- ACTION ITEM -
When copying the data below, keep only the lines from the one with "2018 Infiniti QX30" through the one with "ABB DCS800 Operator", word for word, and skip the pictures.
----- EXERCISE INPUT
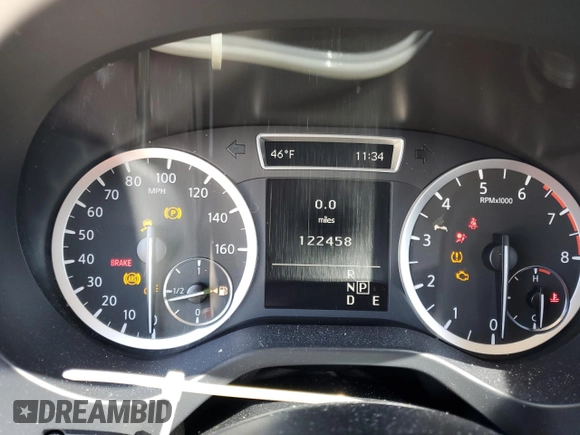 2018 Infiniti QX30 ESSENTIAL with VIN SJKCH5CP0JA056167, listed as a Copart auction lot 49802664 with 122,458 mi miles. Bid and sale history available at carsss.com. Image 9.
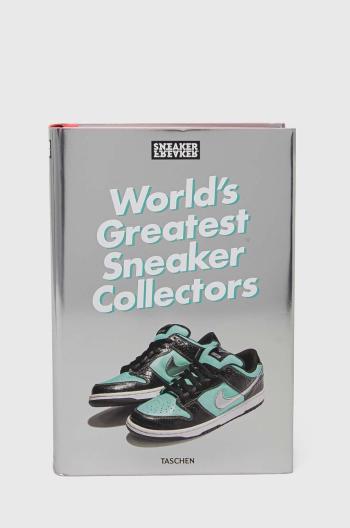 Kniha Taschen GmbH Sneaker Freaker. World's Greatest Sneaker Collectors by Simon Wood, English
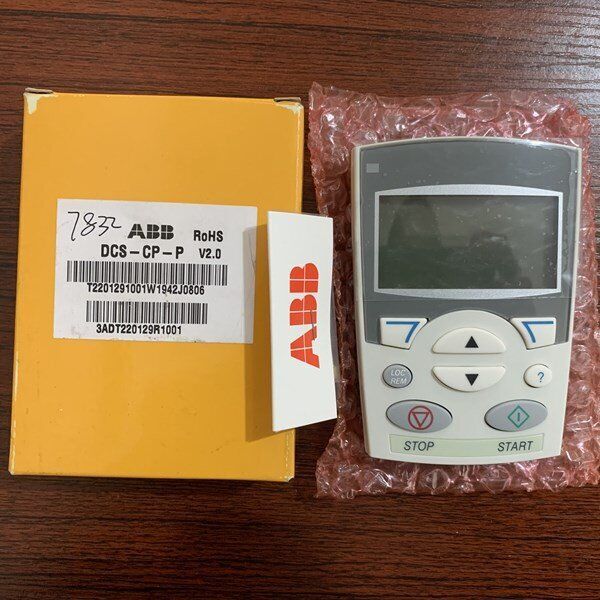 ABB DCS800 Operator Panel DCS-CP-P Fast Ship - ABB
----------
----- EXERCISE INPUT
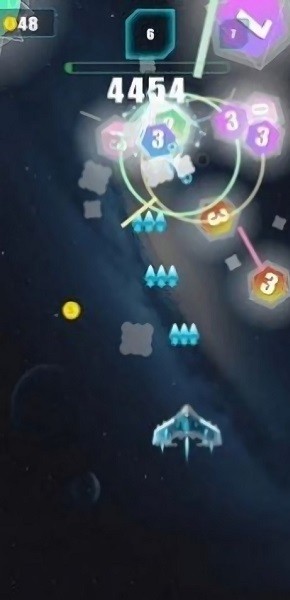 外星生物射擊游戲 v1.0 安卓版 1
----------
----- EXERCISE INPUT
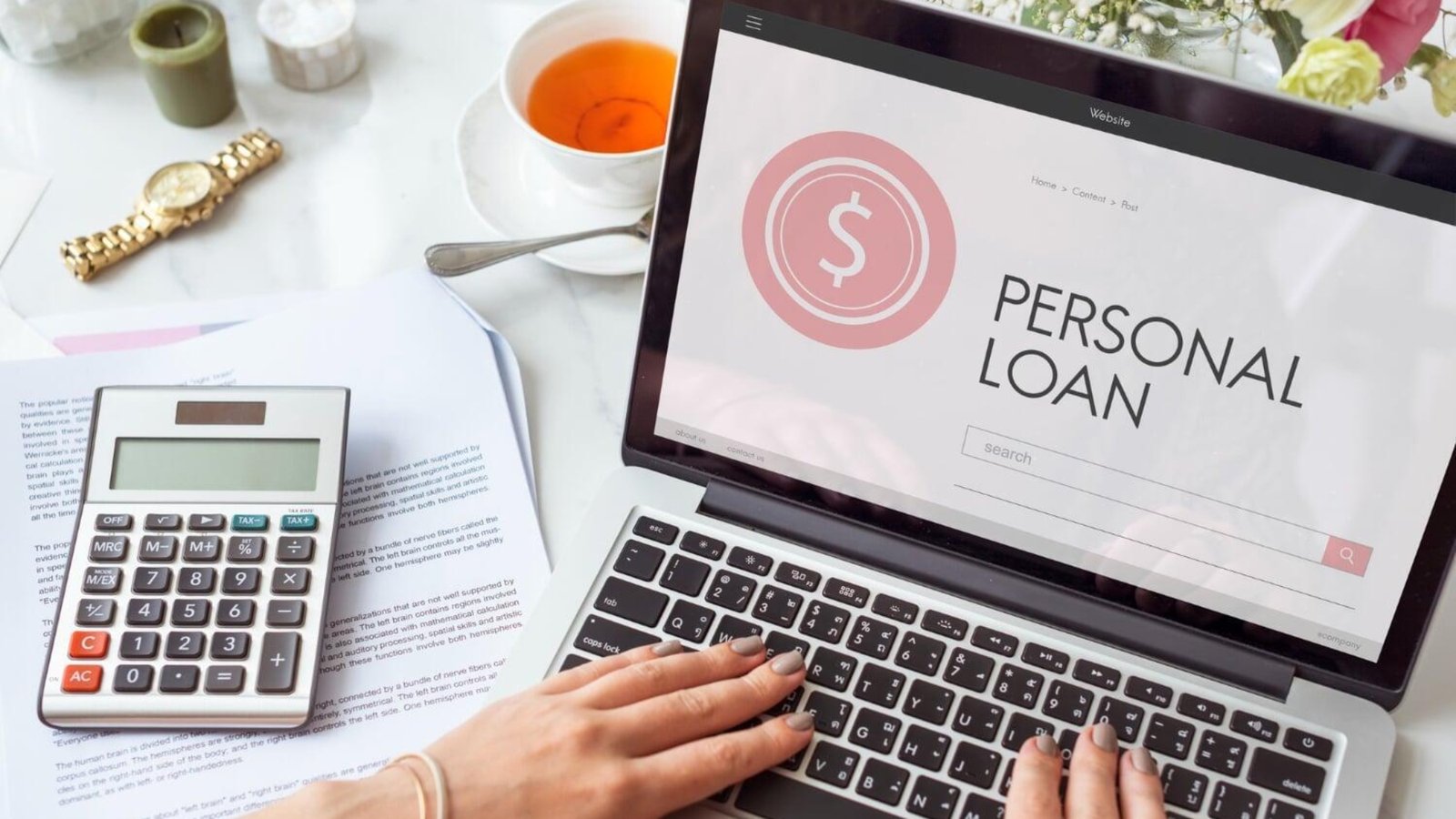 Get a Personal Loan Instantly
----------
- EXERCISE SOLUTION -
 2018 Infiniti QX30 ESSENTIAL with VIN SJKCH5CP0JA056167, listed as a Copart auction lot 49802664 with 122,458 mi miles. Bid and sale history available at carsss.com. Image 9.
 Kniha Taschen GmbH Sneaker Freaker. World's Greatest Sneaker Collectors by Simon Wood, English
 ABB DCS800 Operator Panel DCS-CP-P Fast Ship - ABB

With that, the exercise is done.